J’ai eu le bonheur d’avoir une carrière longue et stable, jalonnée de deux nominations principales seulement, chacune couvrant deux décennies. Ces deux expériences, très différentes, m’ont donné des perspectives intéressantes sur ces mondes professionnels, dont je puis voir aujourd’hui, de l’extérieur, les forces et les faiblesses.

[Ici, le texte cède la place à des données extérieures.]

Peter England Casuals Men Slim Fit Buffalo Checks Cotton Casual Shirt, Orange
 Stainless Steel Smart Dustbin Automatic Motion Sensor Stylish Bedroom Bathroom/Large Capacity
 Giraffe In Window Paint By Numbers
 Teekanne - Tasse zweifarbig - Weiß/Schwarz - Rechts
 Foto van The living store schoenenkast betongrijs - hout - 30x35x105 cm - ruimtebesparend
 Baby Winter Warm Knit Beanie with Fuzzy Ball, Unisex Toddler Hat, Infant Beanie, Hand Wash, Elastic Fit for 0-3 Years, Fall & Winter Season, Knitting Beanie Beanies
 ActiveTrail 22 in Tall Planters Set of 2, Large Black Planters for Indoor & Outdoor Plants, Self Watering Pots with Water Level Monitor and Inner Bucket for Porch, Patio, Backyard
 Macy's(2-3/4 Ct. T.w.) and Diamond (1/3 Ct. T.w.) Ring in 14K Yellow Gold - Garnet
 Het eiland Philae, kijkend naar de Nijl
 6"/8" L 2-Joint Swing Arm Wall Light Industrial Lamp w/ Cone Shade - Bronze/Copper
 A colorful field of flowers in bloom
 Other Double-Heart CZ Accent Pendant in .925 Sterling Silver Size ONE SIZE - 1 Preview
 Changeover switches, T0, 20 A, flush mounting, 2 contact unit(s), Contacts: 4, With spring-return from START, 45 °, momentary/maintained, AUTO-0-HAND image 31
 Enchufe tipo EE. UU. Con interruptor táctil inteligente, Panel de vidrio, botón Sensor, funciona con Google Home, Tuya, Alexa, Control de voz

Pendant 20 ans, j’ai maîtrisé les tenants et les aboutissants de la normalisation internationale à l’ISO. Il y a tout juste deux ans, j’ai décidé de franchir une nouvelle étape en acceptant un poste tout à fait différent au sein du plus grand fonds de pension du Danemark – à titre de contributeur, permettez-moi de le préciser, car je n’ai pas encore l’âge d’en être bénéficiaire ! Pourtant, le monde de la normalisation reste présent dans mon quotidien, professionnel et personnel, et la vie me rappelle constamment tout ce qui serait impossible sans l’ISO et ses membres.

Simplifier la complexité

On revient toujours à ses premières amours

Ainsi dit le proverbe, et il en ira de même pour moi avec les normes. Dans ma nouvelle vie, les souvenirs, la clairvoyance et le savoir associés à ce domaine refont surface de temps à autre et j’aime bien entretenir la flamme – c’est pourquoi je suis un fervent admirateur d’ISOfocus ! Je dois avouer que tous les mois, je me réjouis de m’immerger dans le nouveau numéro de ce magazine et de m’enrichir de connaissances nouvelles sur des sujets qui sont aujourd’hui le plus souvent étrangers à mes activités quotidiennes. À tel point que je puis aujourd’hui me tourner vers mon épouse et lui parler, tout en ouvrant déjà d’un doigt l’enveloppe en plastique du magazine pour me plonger bientôt dans la lecture. Pour moi, c’est un moment privilégié !

Prenons l’exemple du secteur financier. Son universalité et les réglementations rigoureuses auxquelles il doit adhérer en font un secteur d’une très grande complexité, dont le bon fonctionnement exige des outils avancés de management. Il s’appuie également sur un ensemble de valeurs centrales dont l’une a immédiatement attiré mon attention : la simplification. Or, je ne puis m’empêcher de penser que c’est là l’objet fondamental de la normalisation.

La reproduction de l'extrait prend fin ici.